Chimera checking

1,349 views
Skip to first unread message

SAMIK

unread,
Jul 9, 2012, 8:25:40 PM7/9/12
to qiime...@googlegroups.com
Hi,
Samik again,

I was trying to apply chimera checking after  sequences alignment with PyNAST using Chimera checking sequences with QIIME

identify_chimeric_seqs.py -m ChimeraSlayer -i rep_set_aligned.fasta -a reference_set_aligned.fasta -o chimeric_seqs.txt resulted into error since it couldn't find file or directory: 'reference_set_aligned.fasta'.
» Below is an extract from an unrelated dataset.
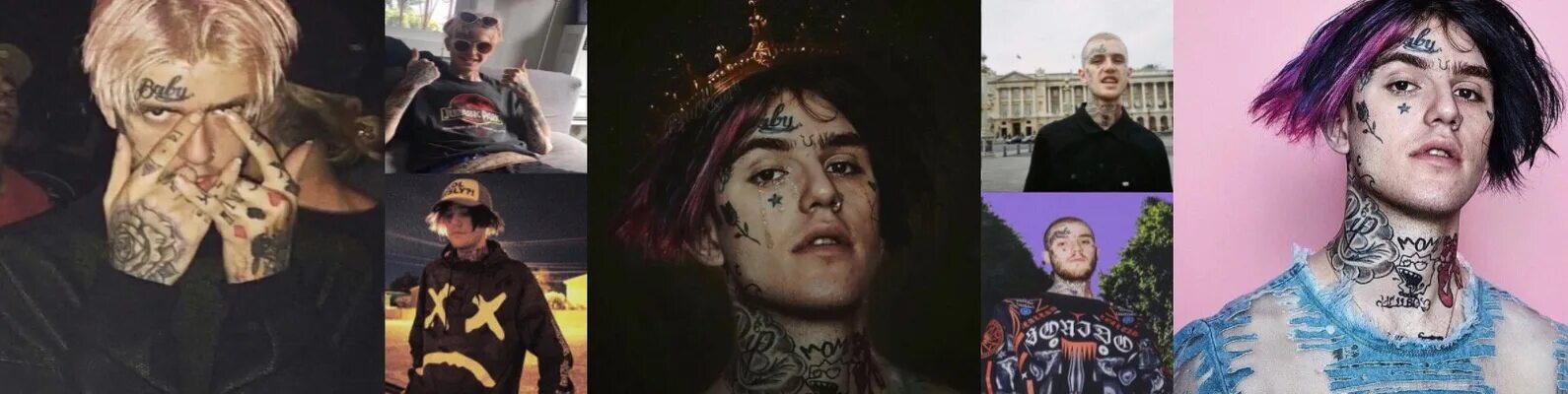 Лил пип в молодости. Lil Peep в молодости.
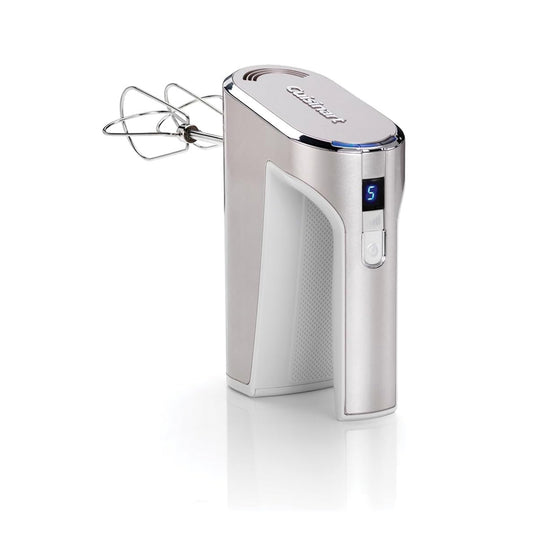 Cuisinart Wireless Hand Mixer with Stainless Steel  (RHM100E)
i have aligned sequence by step (not using pick_otus_through_otu_table.py workflow) and couldn't trace the reference_set_aligned.fasta sequence.

please find the error

dentify_chimeric_seqs.py -m ChimeraSlayer -i rep_set_aligned.fasta -a reference_set_aligned.fasta -o chimeric_seqs.txt
Usage: identify_chimeric_seqs.py [options] {-i/--input_fasta_fp INPUT_FASTA_FP}

[] indicates optional input (order unimportant)
{} indicates required input (order unimportant)
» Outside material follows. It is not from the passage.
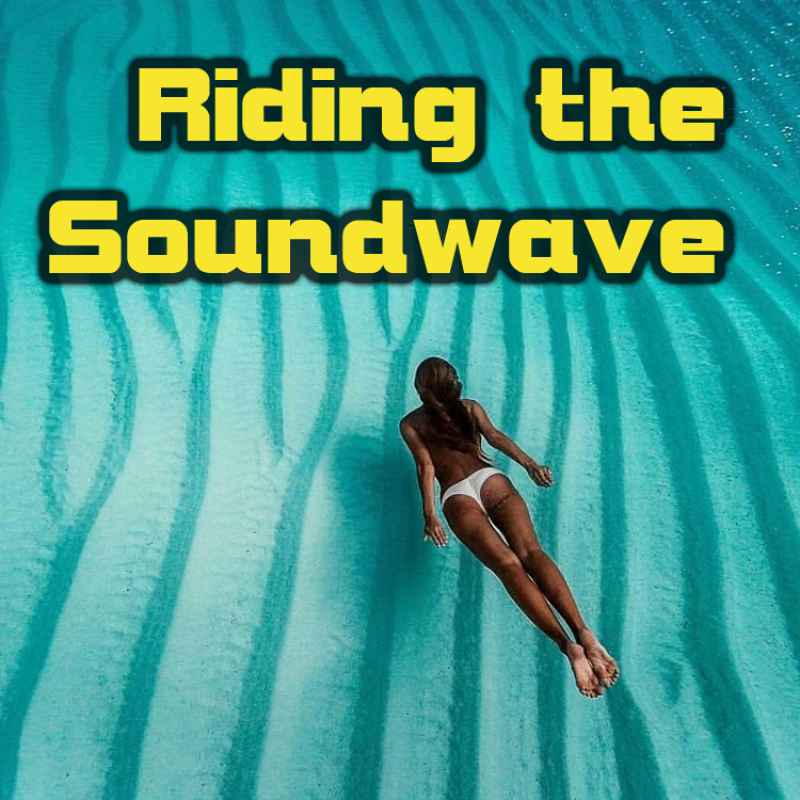 Cover of Riding The Soundwave 45: Flashback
A FASTA file of sequences, can be screened to remove chimeras (sequences generated due to the PCR amplification of multiple templates or parent sequences). QIIME currently includes a taxonomy-assignment-based approach, blast_fragments, for identifying sequences as chimeric and the ChimeraSlayer algorithm.

1. Blast_fragments approach:

The reference sequences (-r) and id-to-taxonomy map (-t) provided are the same format as those provided to assign_taxonomy.py. The reference sequences are in fasta format, and the id-to-taxonomy map contains tab-separated lines where the first field is a sequence identifier, and the second field is the taxonomy separated by semi-colons (e.g., Archaea;Euryarchaeota;Methanobacteriales;Methanobacterium). The reference collection should be derived from a chimera-checked database (such as the full greengenes database), and filtered to contain only sequences at, for example, a maximum of 97% sequence identity.

2. ChimeraSlayer:

ChimeraSlayer uses BLAST to identify potential chimera parents and computes the optimal branching alignment of the query against two parents.
We suggest to use the pynast aligned representative sequences as input.


Example usage:
Print help message and exit
 identify_chimeric_seqs.py -h

blast_fragments example: For each sequence provided as input, the blast_fragments method splits the input sequence into n roughly-equal-sized, non-overlapping fragments, and assigns taxonomy to each fragment against a reference database. The BlastTaxonAssigner (implemented in assign_taxonomy.py) is used for this. The taxonomies of the fragments are compared with one another (at a default depth of 4), and if contradictory assignments are returned the sequence is identified as chimeric. For example, if an input sequence was split into 3 fragments, and the following taxon assignments were returned:

==========  ==========================================================
fragment1:  Archaea;Euryarchaeota;Methanobacteriales;Methanobacterium
fragment2:  Archaea;Euryarchaeota;Halobacteriales;uncultured
fragment3:  Archaea;Euryarchaeota;Methanobacteriales;Methanobacterium
==========  ==========================================================

The sequence would be considered chimeric at a depth of 3 (Methanobacteriales vs. Halobacteriales), but non-chimeric at a depth of 2 (all Euryarchaeota).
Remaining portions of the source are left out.